* Exercise requirements: Starting at the line that contains "Σετ Καναπέ Κήπου", transcribe every remaining line of the data below exactly, and omit all pictures.

---------- Data extract ----------

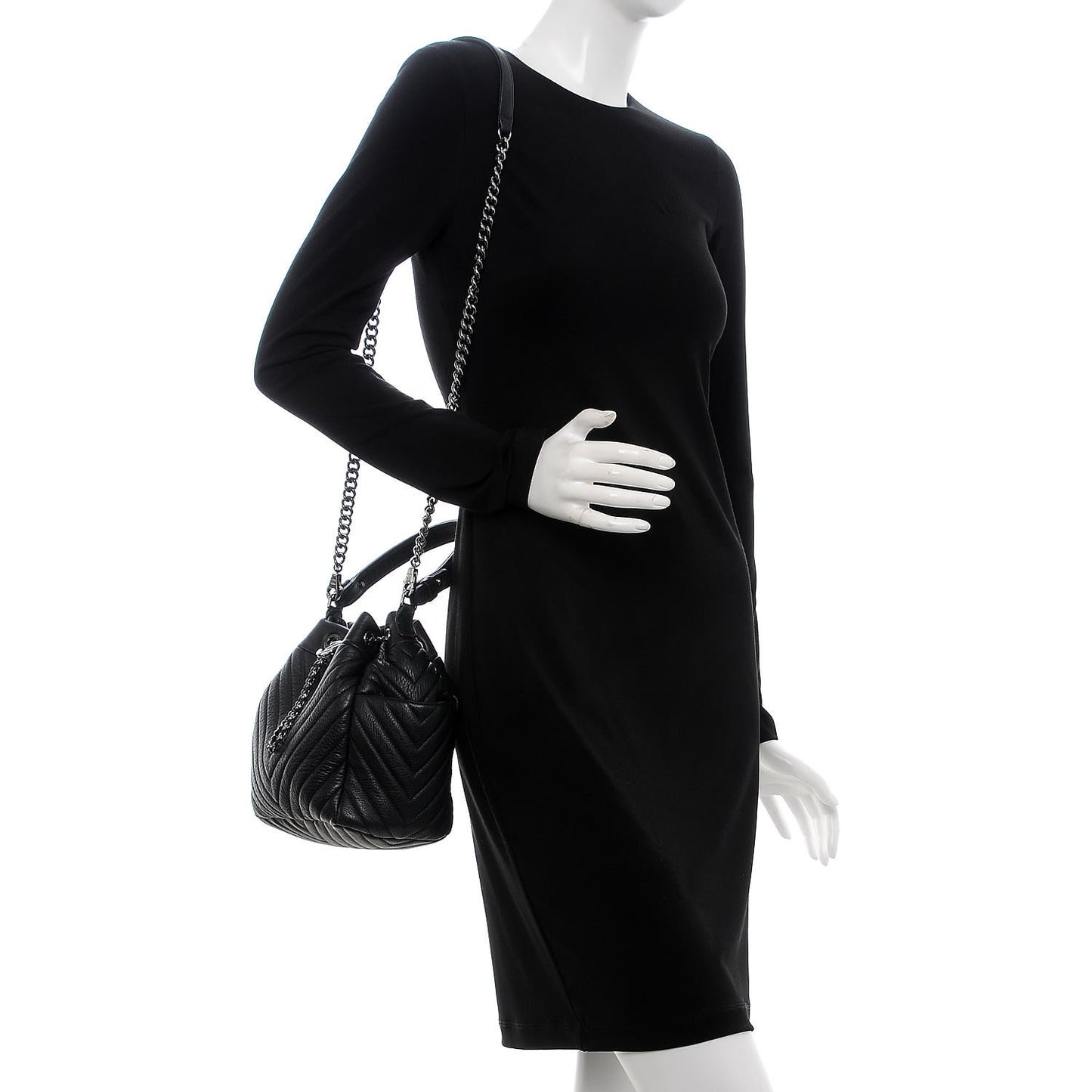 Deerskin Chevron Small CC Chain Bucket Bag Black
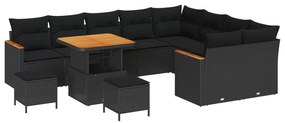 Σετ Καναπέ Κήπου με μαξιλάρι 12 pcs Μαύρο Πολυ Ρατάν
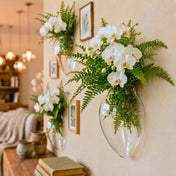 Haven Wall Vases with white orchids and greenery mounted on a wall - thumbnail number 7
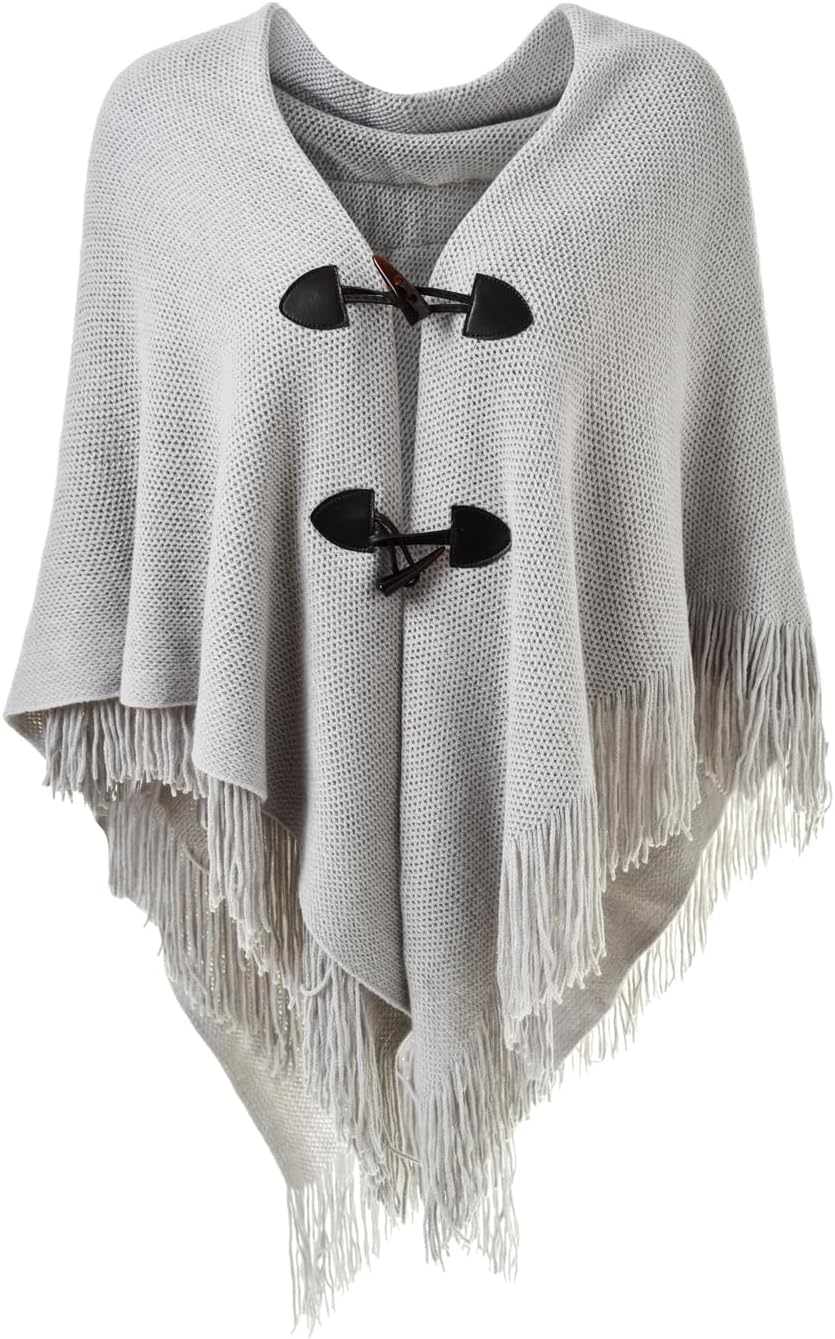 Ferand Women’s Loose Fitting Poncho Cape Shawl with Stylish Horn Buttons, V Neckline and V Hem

----------

* Exercise answer:
 Σετ Καναπέ Κήπου με μαξιλάρι 12 pcs Μαύρο Πολυ Ρατάν
 Haven Wall Vases with white orchids and greenery mounted on a wall - thumbnail number 7
 Ferand Women’s Loose Fitting Poncho Cape Shawl with Stylish Horn Buttons, V Neckline and V Hem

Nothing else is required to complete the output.